Entgegen seiner Selbstdarstellung zeigt er jedoch programmatisch keineswegs eine Alternative zur traditionellen Politik auf. Vielmehr instrumentalisiere er rhetorisch die Hoffnung vieler Menschen auf einen politischen Wandel, so die verbreitete Kritik. Frauenfeindliche und rassistische Äußerungen, laufende Korruptionsverfahren, seine Bewunderung für Adolf Hitler oder das Fehlen eines konkreten Wahlprogramms, standen seiner Popularität bisher jedoch nicht im Wege (amerika21 berichtete).

Hernández warb bereits für autoritäre Reformen. Er würde nach eigenen Angaben bei einem Wahlsieg den Ausnahmezustand verhängen, um einen grundlegenden Umbau des Staates zu ermöglichen. Außerdem plane er eine Freihandelszone zwischen Riohacha und Santa Martha ‒ in indigenen Gebieten der Karibikküste ‒ einzurichten, um dort einen Sporthafen und Hotels zu bauen.

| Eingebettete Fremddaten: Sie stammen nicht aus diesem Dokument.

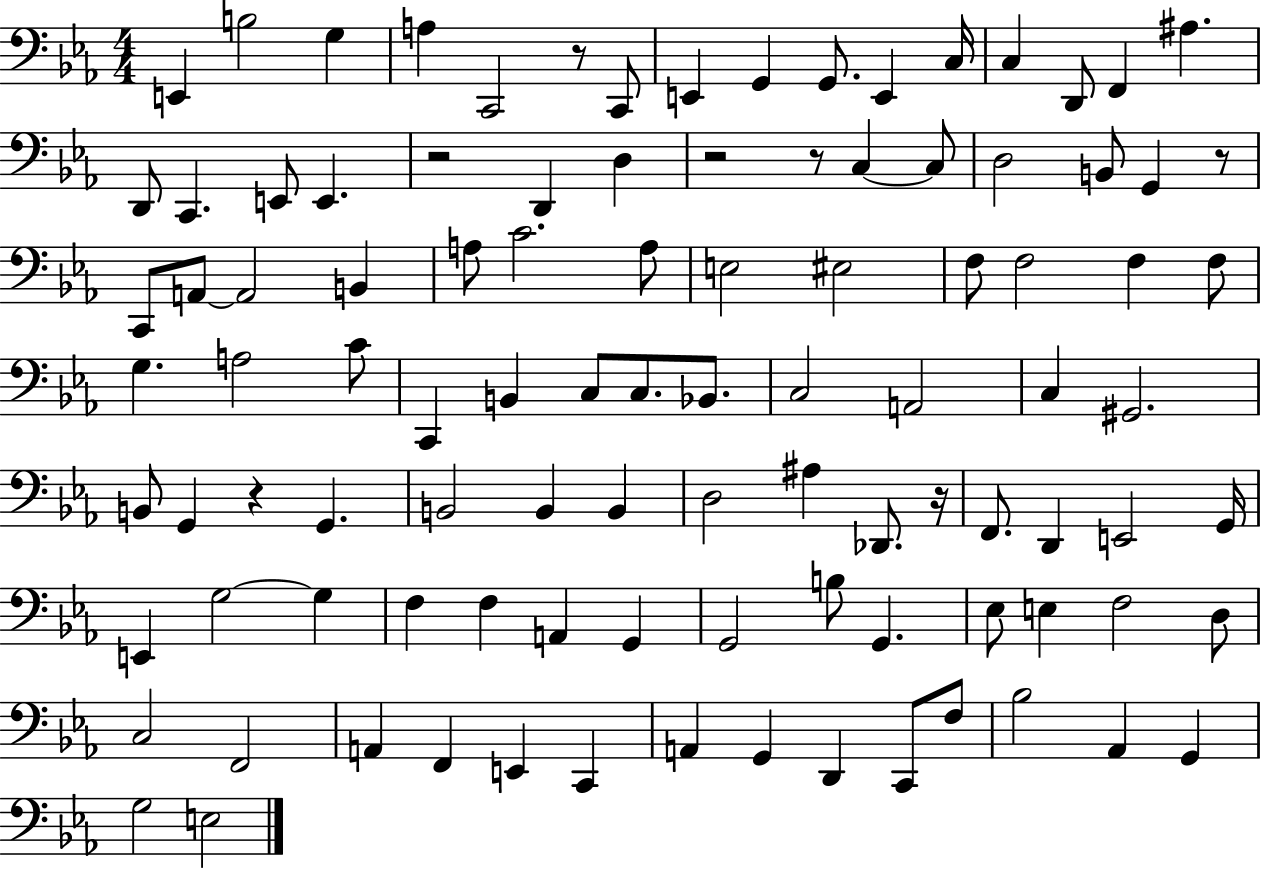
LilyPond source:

{
  \clef bass
  \numericTimeSignature
  \time 4/4
  \key ees \major
  e,4 b2 g4 | a4 c,2 r8 c,8 | e,4 g,4 g,8. e,4 c16 | c4 d,8 f,4 ais4. | \break d,8 c,4. e,8 e,4. | r2 d,4 d4 | r2 r8 c4~~ c8 | d2 b,8 g,4 r8 | \break c,8 a,8~~ a,2 b,4 | a8 c'2. a8 | e2 eis2 | f8 f2 f4 f8 | \break g4. a2 c'8 | c,4 b,4 c8 c8. bes,8. | c2 a,2 | c4 gis,2. | \break b,8 g,4 r4 g,4. | b,2 b,4 b,4 | d2 ais4 des,8. r16 | f,8. d,4 e,2 g,16 | \break e,4 g2~~ g4 | f4 f4 a,4 g,4 | g,2 b8 g,4. | ees8 e4 f2 d8 | \break c2 f,2 | a,4 f,4 e,4 c,4 | a,4 g,4 d,4 c,8 f8 | bes2 aes,4 g,4 | \break g2 e2 | \bar "|."
}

In Hernández' schnellem Erfolg liegt laut Analysten allerdings auf die Stichwahl zu auch eine große Chance für Petro und die Kandidatin für die Vizepräsidentschaft, Francia Márquez: Die Protestwähler:innen von Hernández stimmten für ihn in der Hoffnung auf einen Wandel. Dass er jetzt von den traditionellen politischen Sektoren offen unterstützt wird, stellt diese Inszenierung in Frage und könnte Wähler:innen zu Petro überlaufen lassen.

In den Wochen bis zur Stichwahl am 19. Juni muss es Petro und Márquez gelingen, eine breite Allianz gegen den ‘kolumbianischen Trump‘ genannten Kandidaten zu bilden. Mit Guillermo Rivera, dem Innenminister unter der Regierung von Juan Manuel Santos, und Griselda Restrepo, ehemalige Arbeitsministerin, haben sich bereits wichtige Persönlichkeiten aus dem liberalen Sektor der Wahlkampagne des Pacto Histórico angeschlossen.

Ferner gilt es nun auch Nichtwähler:innen zu aktivieren. Die Wahlbeteiligung lag lediglich bei 54 Prozent und war bei Kolumbianer:innen im Ausland sogar noch deutlich niedriger.